Why is this not the case above?

• Have you tried computing Gauss's law for the concentric spheres? Jan 31, 2015 at 15:20
• More on capacitors and factors of 2: physics.stackexchange.com/q/110480/2451 and links therein. Nov 20, 2017 at 7:11

It sounds like the math is not the problem. It is visualizing the geometry.

A point charge fills all space with an electric field. If you have multiple charges, they all create electric fields. To find the electric field at a point, add them up.

Do this with a sphere. If you are outside as shown above, all the E field contributions are more or less to the right. It works out just the same as a point charge E field. If you are inside, contributions from the left and right cancel perfectly. The total is 0. This property of the inverse square law has always struck me as one of the coolest things in physics.

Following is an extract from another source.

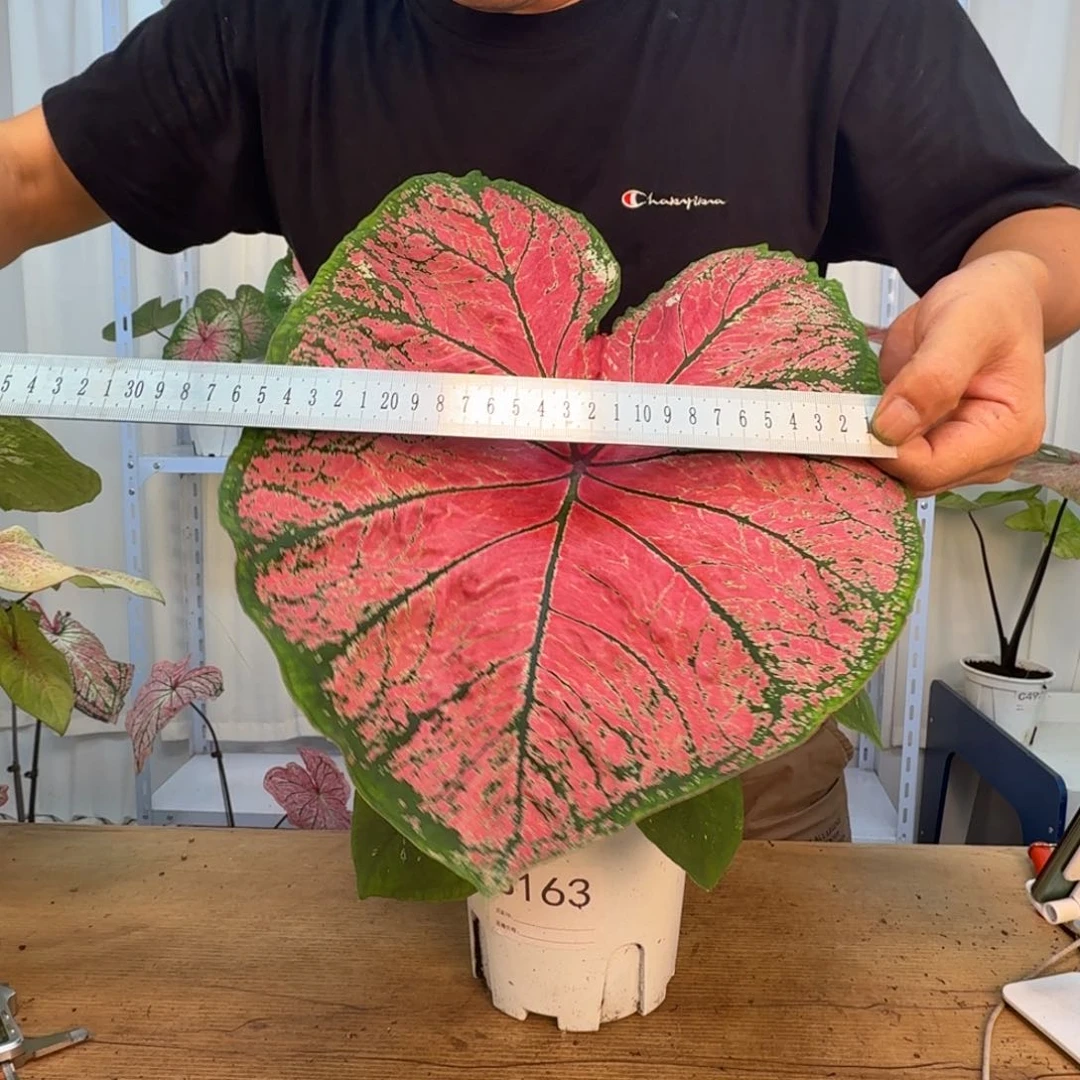 无花朵莫妮卡   顺丰快递 B163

With two spheres, the inner point has 0 field because contributions from the red sphere cancel and so do contributions from the blue sphere.

For the middle point, the red sphere adds up to the same as a point charge, but the blue sphere contributions add to 0.

For the outer point, each sphere adds up to the equivalent of a point charge. In this case two opposite point charges at the same point would cancel.

For a plane, by symmetry the contributions add up to an E field perpendicular to the plane. The plane is infinite, and so the charge is infinite. But some is infinitely far away. The E field works out to be finite and uniform.

For two oppositely charged planes you get 0 on the outside and reinforcement in between. This is indeed similar to the two spheres, even though there is no charge off to the left.

Imagine the two spheres getting larger and larger, so the geometry looks more and more like two planes. The E field should approach the same solution as the two planes.

The left hand point is always inside two spheres. The right hand point is outside of two large spheres that always cancel. So the field is always 0 for them.

For the middle point, the red sphere matters. For the spheres to become like the planes, we must keep the charge density constant as they grow. This means the total charge grows larger. The total red E field is equivalent to a larger, but more distant point charge.

If the radius is r, the total charge, Q, is proportional to $r^2$, and the field is proportional to $Q/r^2$. So the field doesn't change. The E field becomes more uniform, and more like the plane.

The field inside a conducting sphere due to the charge on that sphere is zero. You are left with only the charge on the inner sphere determining the electric field between the spheres. This is a direct consequence of Gauss' Law - it is only the charge enclosed inside the surface over which you integrate that contributes to the field across the surface. The rest follows from superposition.